-- Records to use follows --

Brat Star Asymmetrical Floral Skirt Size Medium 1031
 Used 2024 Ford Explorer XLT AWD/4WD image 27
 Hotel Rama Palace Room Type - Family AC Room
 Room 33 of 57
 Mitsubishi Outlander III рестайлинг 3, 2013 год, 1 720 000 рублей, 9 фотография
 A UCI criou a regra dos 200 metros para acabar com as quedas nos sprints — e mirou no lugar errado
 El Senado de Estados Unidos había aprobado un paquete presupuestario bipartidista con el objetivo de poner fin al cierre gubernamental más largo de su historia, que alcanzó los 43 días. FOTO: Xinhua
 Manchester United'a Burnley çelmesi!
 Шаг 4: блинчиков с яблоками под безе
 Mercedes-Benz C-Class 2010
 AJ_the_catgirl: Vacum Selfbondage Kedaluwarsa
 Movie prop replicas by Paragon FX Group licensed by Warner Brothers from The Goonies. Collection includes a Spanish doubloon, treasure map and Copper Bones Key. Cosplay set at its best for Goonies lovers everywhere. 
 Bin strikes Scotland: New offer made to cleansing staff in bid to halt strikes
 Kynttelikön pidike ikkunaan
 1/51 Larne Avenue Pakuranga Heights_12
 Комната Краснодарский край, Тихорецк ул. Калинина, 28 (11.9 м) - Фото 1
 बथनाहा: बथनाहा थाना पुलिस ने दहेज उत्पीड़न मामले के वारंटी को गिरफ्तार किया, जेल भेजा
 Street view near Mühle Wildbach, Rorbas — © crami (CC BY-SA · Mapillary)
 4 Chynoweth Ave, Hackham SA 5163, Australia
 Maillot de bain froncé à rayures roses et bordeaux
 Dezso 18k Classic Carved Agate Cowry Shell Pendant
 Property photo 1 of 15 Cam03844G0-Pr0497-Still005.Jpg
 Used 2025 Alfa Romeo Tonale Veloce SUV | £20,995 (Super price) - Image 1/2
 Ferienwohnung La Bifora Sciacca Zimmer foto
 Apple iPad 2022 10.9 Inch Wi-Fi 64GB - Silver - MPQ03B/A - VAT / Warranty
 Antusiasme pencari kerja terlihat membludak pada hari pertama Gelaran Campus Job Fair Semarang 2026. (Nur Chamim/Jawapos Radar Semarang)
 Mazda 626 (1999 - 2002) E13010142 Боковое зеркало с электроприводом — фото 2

-- Records to use concluded --

### Required action
The entries shown above must be reproduced in full, exactly as written.

### Your response
Brat Star Asymmetrical Floral Skirt Size Medium 1031
 Used 2024 Ford Explorer XLT AWD/4WD image 27
 Hotel Rama Palace Room Type - Family AC Room
 Room 33 of 57
 Mitsubishi Outlander III рестайлинг 3, 2013 год, 1 720 000 рублей, 9 фотография
 A UCI criou a regra dos 200 metros para acabar com as quedas nos sprints — e mirou no lugar errado
 El Senado de Estados Unidos había aprobado un paquete presupuestario bipartidista con el objetivo de poner fin al cierre gubernamental más largo de su historia, que alcanzó los 43 días. FOTO: Xinhua
 Manchester United'a Burnley çelmesi!
 Шаг 4: блинчиков с яблоками под безе
 Mercedes-Benz C-Class 2010
 AJ_the_catgirl: Vacum Selfbondage Kedaluwarsa
 Movie prop replicas by Paragon FX Group licensed by Warner Brothers from The Goonies. Collection includes a Spanish doubloon, treasure map and Copper Bones Key. Cosplay set at its best for Goonies lovers everywhere. 
 Bin strikes Scotland: New offer made to cleansing staff in bid to halt strikes
 Kynttelikön pidike ikkunaan
 1/51 Larne Avenue Pakuranga Heights_12
 Комната Краснодарский край, Тихорецк ул. Калинина, 28 (11.9 м) - Фото 1
 बथनाहा: बथनाहा थाना पुलिस ने दहेज उत्पीड़न मामले के वारंटी को गिरफ्तार किया, जेल भेजा
 Street view near Mühle Wildbach, Rorbas — © crami (CC BY-SA · Mapillary)
 4 Chynoweth Ave, Hackham SA 5163, Australia
 Maillot de bain froncé à rayures roses et bordeaux
 Dezso 18k Classic Carved Agate Cowry Shell Pendant
 Property photo 1 of 15 Cam03844G0-Pr0497-Still005.Jpg
 Used 2025 Alfa Romeo Tonale Veloce SUV | £20,995 (Super price) - Image 1/2
 Ferienwohnung La Bifora Sciacca Zimmer foto
 Apple iPad 2022 10.9 Inch Wi-Fi 64GB - Silver - MPQ03B/A - VAT / Warranty
 Antusiasme pencari kerja terlihat membludak pada hari pertama Gelaran Campus Job Fair Semarang 2026. (Nur Chamim/Jawapos Radar Semarang)
 Mazda 626 (1999 - 2002) E13010142 Боковое зеркало с электроприводом — фото 2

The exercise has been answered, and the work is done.